Posted: Thu Jul 07, 2011 2:21 pm
by geardog32
Im taking a Thermodynamics course and skipped the intro course, I am fine on the concepts and problems with the exception of knowing how to read the damn property tables for instance: I have superheated refrigerant 134a at 800kpa at 35 degrees Celsius but the problem is that my tables temperatures go by tens so I have it at 800kpa 30 degrees and 800kpa 40 degrees is there a simple way of getting the 35 degrees C enthalpy value accurately at 800 kpa? This is something explained in the into course that I did not take and I obviously need to know how to get these values to do well in the course.
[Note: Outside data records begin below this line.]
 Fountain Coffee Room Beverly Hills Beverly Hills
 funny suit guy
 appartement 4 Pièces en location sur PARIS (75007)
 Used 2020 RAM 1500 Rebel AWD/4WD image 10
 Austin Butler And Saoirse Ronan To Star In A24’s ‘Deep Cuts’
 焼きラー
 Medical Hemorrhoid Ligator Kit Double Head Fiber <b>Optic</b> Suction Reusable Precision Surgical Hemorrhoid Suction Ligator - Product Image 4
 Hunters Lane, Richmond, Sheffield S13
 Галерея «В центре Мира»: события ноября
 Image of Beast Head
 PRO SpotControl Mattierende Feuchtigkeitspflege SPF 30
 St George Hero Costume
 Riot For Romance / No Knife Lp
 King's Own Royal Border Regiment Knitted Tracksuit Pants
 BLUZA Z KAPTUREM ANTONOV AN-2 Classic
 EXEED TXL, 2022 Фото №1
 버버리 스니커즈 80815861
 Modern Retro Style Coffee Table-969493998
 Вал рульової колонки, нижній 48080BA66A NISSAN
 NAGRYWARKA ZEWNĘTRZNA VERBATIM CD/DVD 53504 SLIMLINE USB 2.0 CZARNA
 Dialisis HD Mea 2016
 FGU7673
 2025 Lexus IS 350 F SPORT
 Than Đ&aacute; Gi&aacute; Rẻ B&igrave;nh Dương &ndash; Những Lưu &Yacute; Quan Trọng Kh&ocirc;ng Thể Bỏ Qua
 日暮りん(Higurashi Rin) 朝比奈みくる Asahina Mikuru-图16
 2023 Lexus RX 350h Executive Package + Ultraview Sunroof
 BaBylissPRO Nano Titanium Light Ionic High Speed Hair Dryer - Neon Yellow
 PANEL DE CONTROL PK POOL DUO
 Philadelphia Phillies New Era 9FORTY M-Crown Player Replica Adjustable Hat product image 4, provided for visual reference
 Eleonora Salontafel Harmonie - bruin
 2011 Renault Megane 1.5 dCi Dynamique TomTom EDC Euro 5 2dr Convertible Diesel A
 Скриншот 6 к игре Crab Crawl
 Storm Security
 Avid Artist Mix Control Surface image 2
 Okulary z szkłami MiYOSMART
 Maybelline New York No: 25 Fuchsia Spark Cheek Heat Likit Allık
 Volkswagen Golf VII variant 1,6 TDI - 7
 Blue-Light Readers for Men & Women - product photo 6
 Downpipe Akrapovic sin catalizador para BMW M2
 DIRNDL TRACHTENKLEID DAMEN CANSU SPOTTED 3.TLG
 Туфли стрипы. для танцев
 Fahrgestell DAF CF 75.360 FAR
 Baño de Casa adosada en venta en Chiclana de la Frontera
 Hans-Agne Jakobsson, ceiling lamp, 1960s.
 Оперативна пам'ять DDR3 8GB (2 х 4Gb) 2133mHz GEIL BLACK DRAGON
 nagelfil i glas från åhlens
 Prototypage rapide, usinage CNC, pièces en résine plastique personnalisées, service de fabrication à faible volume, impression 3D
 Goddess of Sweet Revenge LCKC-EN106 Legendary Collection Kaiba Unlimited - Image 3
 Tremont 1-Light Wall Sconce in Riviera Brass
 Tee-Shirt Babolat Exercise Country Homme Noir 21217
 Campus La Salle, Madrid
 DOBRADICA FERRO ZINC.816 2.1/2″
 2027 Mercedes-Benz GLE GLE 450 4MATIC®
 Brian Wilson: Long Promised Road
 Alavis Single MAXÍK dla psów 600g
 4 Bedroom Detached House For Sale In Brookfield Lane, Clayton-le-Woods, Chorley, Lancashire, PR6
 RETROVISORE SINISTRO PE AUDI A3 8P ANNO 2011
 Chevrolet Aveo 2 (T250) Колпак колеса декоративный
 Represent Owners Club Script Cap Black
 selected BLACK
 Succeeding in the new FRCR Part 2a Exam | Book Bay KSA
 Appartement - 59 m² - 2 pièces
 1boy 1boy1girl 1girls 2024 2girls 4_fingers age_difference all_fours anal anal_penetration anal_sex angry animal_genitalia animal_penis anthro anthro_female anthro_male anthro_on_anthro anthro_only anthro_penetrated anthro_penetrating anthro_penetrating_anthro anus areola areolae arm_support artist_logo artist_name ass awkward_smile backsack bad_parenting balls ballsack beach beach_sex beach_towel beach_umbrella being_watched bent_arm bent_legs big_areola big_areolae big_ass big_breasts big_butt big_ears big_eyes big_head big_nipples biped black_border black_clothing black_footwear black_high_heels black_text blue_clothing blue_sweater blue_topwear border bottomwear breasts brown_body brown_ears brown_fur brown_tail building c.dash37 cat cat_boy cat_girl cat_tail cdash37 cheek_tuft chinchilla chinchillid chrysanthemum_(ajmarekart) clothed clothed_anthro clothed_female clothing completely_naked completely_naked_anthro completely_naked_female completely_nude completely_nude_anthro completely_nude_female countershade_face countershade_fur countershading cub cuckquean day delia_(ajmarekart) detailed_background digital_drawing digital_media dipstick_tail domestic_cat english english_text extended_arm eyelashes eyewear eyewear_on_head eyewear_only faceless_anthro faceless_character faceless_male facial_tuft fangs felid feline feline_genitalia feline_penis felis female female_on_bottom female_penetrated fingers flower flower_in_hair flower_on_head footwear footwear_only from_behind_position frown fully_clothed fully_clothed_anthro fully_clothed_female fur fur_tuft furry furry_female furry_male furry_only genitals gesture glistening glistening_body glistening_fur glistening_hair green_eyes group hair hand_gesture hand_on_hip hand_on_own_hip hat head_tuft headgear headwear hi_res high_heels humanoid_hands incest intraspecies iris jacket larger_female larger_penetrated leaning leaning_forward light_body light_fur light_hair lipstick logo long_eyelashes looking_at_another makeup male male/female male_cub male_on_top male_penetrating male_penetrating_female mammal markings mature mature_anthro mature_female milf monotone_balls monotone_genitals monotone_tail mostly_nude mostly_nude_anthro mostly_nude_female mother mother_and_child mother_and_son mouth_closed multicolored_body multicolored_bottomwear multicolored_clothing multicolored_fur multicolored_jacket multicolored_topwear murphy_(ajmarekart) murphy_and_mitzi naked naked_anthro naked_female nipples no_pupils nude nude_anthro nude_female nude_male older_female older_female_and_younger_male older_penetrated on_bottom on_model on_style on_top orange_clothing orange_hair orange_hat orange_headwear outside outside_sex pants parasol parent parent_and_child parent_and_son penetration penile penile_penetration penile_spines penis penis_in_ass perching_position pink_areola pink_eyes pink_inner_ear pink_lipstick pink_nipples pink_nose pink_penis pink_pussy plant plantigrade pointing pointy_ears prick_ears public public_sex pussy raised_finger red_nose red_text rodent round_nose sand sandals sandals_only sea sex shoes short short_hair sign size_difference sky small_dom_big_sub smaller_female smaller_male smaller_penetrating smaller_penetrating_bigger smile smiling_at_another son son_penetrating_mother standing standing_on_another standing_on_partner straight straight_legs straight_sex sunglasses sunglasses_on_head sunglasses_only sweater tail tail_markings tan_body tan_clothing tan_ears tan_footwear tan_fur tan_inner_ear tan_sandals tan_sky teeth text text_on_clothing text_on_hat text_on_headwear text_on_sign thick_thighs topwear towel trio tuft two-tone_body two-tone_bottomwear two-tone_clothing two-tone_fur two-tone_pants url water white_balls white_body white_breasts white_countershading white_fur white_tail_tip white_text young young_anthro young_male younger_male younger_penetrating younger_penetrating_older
here is an example of such a table http://users.abo.fi/rzevenho/Thermodyna ... R-134a.pdf

If its something stupid simple just excuse my momentary ignorance as being tired and trying to finish my homework.

And don't recommend any online calculators that do it for you because I need to know how to do it the old fashioned way for exams.

Posted: Thu Jul 07, 2011 6:48 pm
by Fnord
Having no college physics knowledge I am going to speak from my posterior and ask you, would a simple PV=nrt calculation not work in this scenario? You really need to ask DYI or SB15 or maybe Ragnarok... they seem to have this stuff with tea and a bagel every morning.

Edit: After two mintues skimming research, You may need to do a specific heat calculation also, though I have no idea what the SH of 134a is. Good luck :P

Posted: Thu Jul 07, 2011 7:20 pm
by geardog32
I'm trying to find the enthalpy (H value) for r134a and all I have is that it is 35 degrees Celsius at 800 kpa and I have a plethora of tables with this data. The problem is that the tables do not have data points at every single temperature and pressure because that would be (theoretically) an infinite amount of tables. So I need to find an easy way to sort of extrapolate the data in between the given data in the tables to get the data I need for the problem.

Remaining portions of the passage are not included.